The movie cuts between the filmmakers' time with Young, who took a bullet near the spine that left him paralyzed from the legs down, and C-SPAN footage of senators and representatives arguing for and against passing the war resolution. In 2005, Young returns to Kansas City, Mo., and marries his fiancée, Brie. But the movie in trudes with montages of the speechifying that went on in the Capitol three years earlier.
To say the least, the film is awkward, like a piece of badly assembled Ikea furniture. Still, editor Bernadine Colish weaves together all that C-SPAN footage into a disturbing procedural indictment. Legislators use the same language - often the president's - to justify the rush to war. The repetition is comical until it's scary: They're parroting.
At the end of the montages, a voice off-screen announces the vote ("McCain: Aye!" "Clinton: Aye!") while a graphic tracks the tally over a shot that gazes up inside the Capitol dome. Invariably, the highlight of these sequences is Robert Byrd, the long-serving, ex-segregationist Senator from West Virginia, whose attempted filibuster gives the movie its theatricality. Byrd is frail and ferocious, but he's convinced he's right. He's also an archival discovery.

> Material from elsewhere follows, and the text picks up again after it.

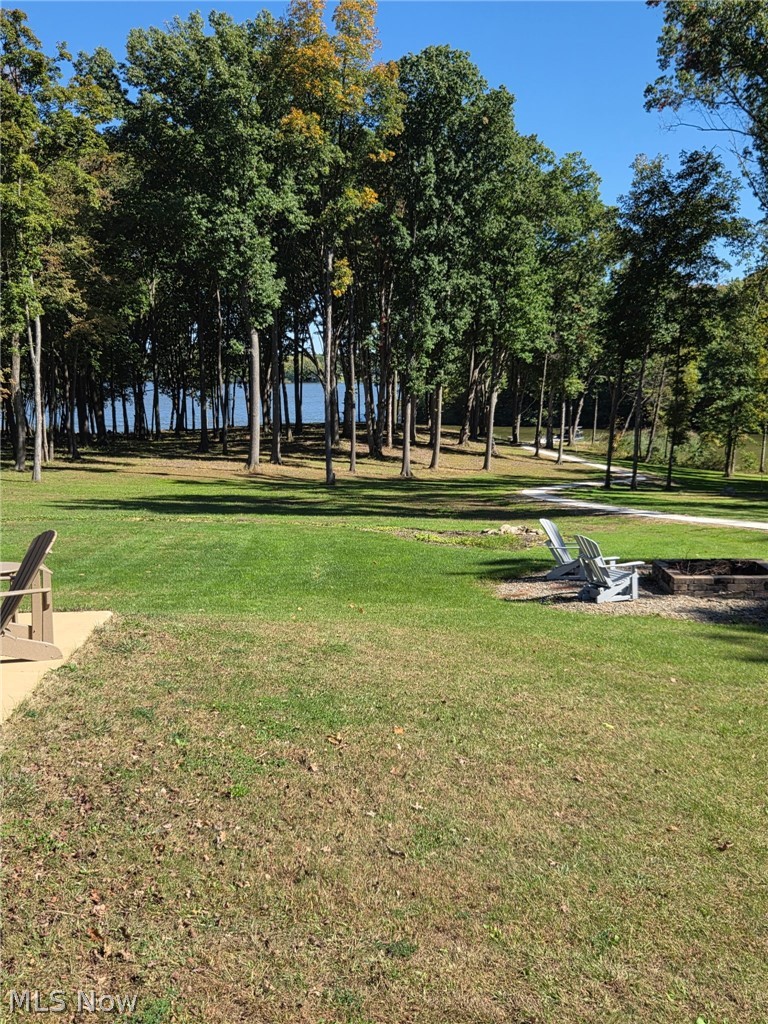 2235 S Mahoning Road Lake Milton OH 44429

Young is a real find. His injury inspires him to speak against the war at rallies across the country, including one in Crawford, Texas, beside Cindy Sheehan, who lost her son the same day Young was shot. He's sincere. He's witty ("Supporting President Bush is like a chicken voting for Colonel Sanders"). He's affable. And he's frequently exhausted, often having to interrupt a speech to slow down his spinning head or allow his fluctuating body temperature to settle down. Poignantly, the young soldier and the ancient senator seem to have corporeal diminishment in common.
With Young, the movie gets fascinatingly specific about what living with paralysis entails. For one thing, it means living without sex. Tomas and Brie seem resigned to his erectile woes, having tried many tricks in many books. And you can sense the inevitable fracture in their bond - not because of the lack of sex but because of how the intimacy has shifted from the carnal to the custodial. But neither of them really ever complains.